# Best alternative to asphalt shingle?



## user182

What would be the best alternative to an asphalt shingle?

What would be best to offer to keep the price close and offer more benifits at the same time?

The only other material I have used is Cedar.


----------



## Grumpy

Depending how high the price goes on asphalt I may start pushing decra as an alternative to standard asphalt shingles. Cedar is ok but isn't for every house. Decra looks alot of like asphalt shingles. 

I haven't really focused much effort yet but have been keeping alternatives in the back of my mind.


----------



## user182

*Condensation on metal roof?*



Grumpy said:


> Depending how high the price goes on asphalt I may start pushing decra as an alternative to standard asphalt shingles. Cedar is ok but isn't for every house. Decra looks alot of like asphalt shingles.
> 
> I haven't really focused much effort yet but have been keeping alternatives in the back of my mind.

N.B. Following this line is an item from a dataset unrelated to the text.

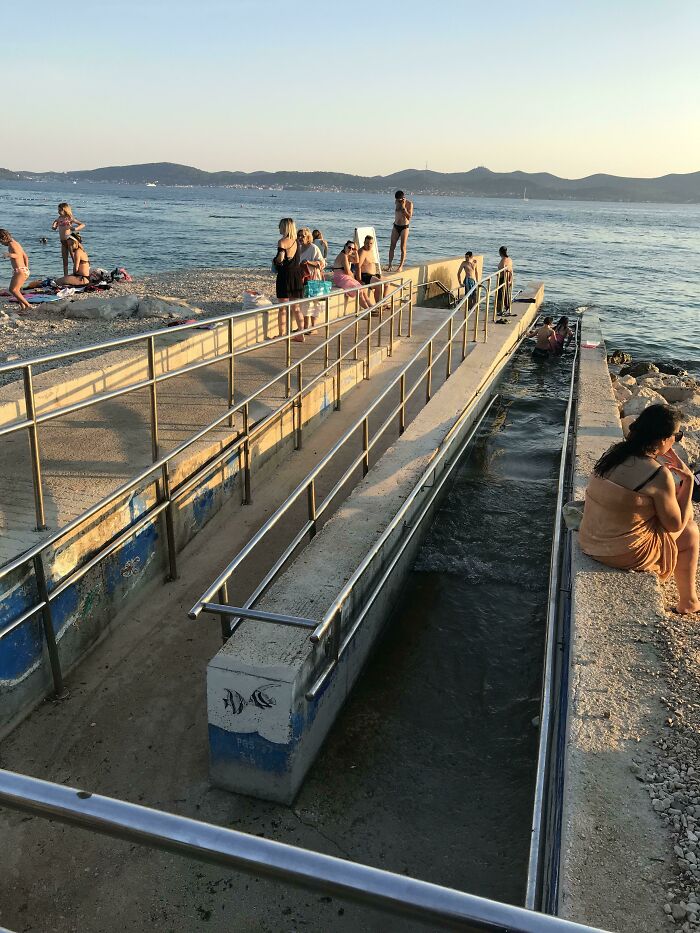 Personas disfrutando la playa y el mar en un muelle con accesos adaptados, una de las cosas que sorprendieron a los viajeros.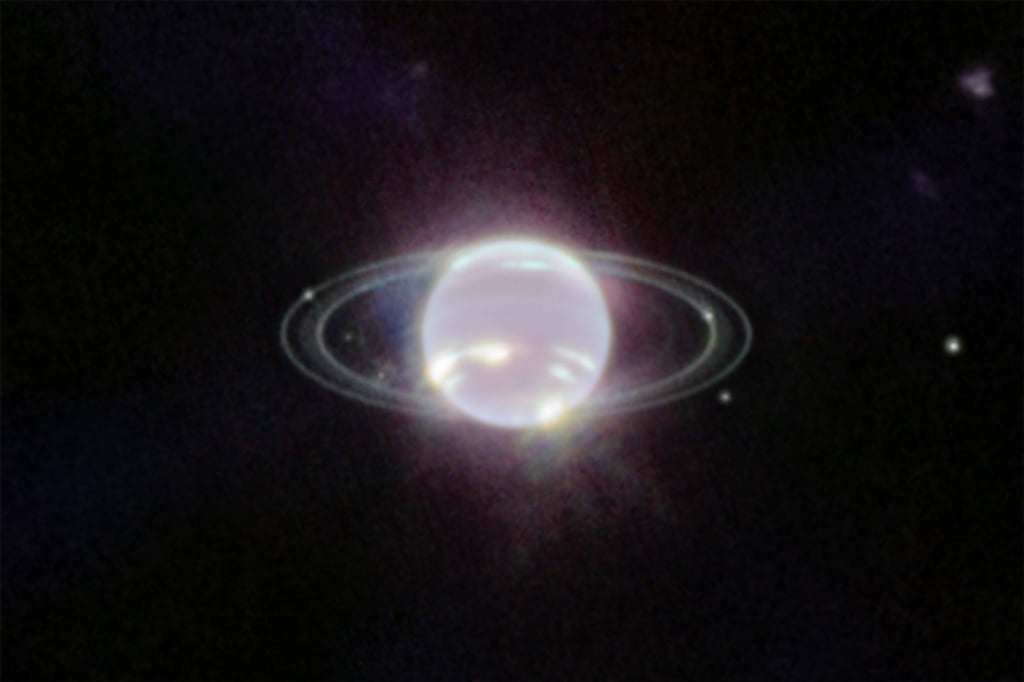 Der Planet Neptun schwebt im Zentrum einiger Ringe. Die Ringe wurden durch den Einsatz der Nahinfrarotkamera (NIRCam) zum ersten Mal seit mehr als drei Jahrzehnten in vollem Fokus sichtbnar.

Will humidity condensate on the bottom of a metal roof?

If so is that a problem?


----------



## Grumpy

Use a good roof felt like maybe titanium udl or perhaps shark skin or something and let it condensate all it wants. 

A very low cost alternative may be cooley illusions, which is a single ply membrane with a shingle design imprinted on the membrane.


----------



## Ed the Roofer

IB roofing has the single ply membrane with the shingle patterns on them. I didn't know about Cooley.

Ed


----------



## serrano

I have been offering the Gerard Stone coated steel shingle instead of the lifetime shingles because it only averages about 15% more than the asphalt lifetime shingle on a basic roof.On more cut up jobs the labor rises quick.

Serrano


----------



## Grumpy

Ed the Roofer said:


> IB roofing has the single ply membrane with the shingle patterns on them. I didn't know about Cooley.
> 
> Ed


I didn't know about IB having the printed patterns and that's something I might want to look into. LOL yesterday after spending a couple hours doing cut edge sealant on a tpo roof, I said to my production manager that we should switch to IB because they don't require cut edge sealant because their scrim is fiberglass, not polyester. He nodded in agreement and we both got back to work. LOL It'll probably end there too


----------



## apehangeralfy

Metal panels. Check some of your prices, I can get some panels for less than shingles... labor makes it almost a wash. I offer to upgrade at no extra on easy houses.


----------



## Ed the Roofer

apehangeralfy said:


> Metal panels. Check some of your prices, I can get some panels for less than shingles... labor makes it almost a wash. I offer to upgrade at no extra on easy houses.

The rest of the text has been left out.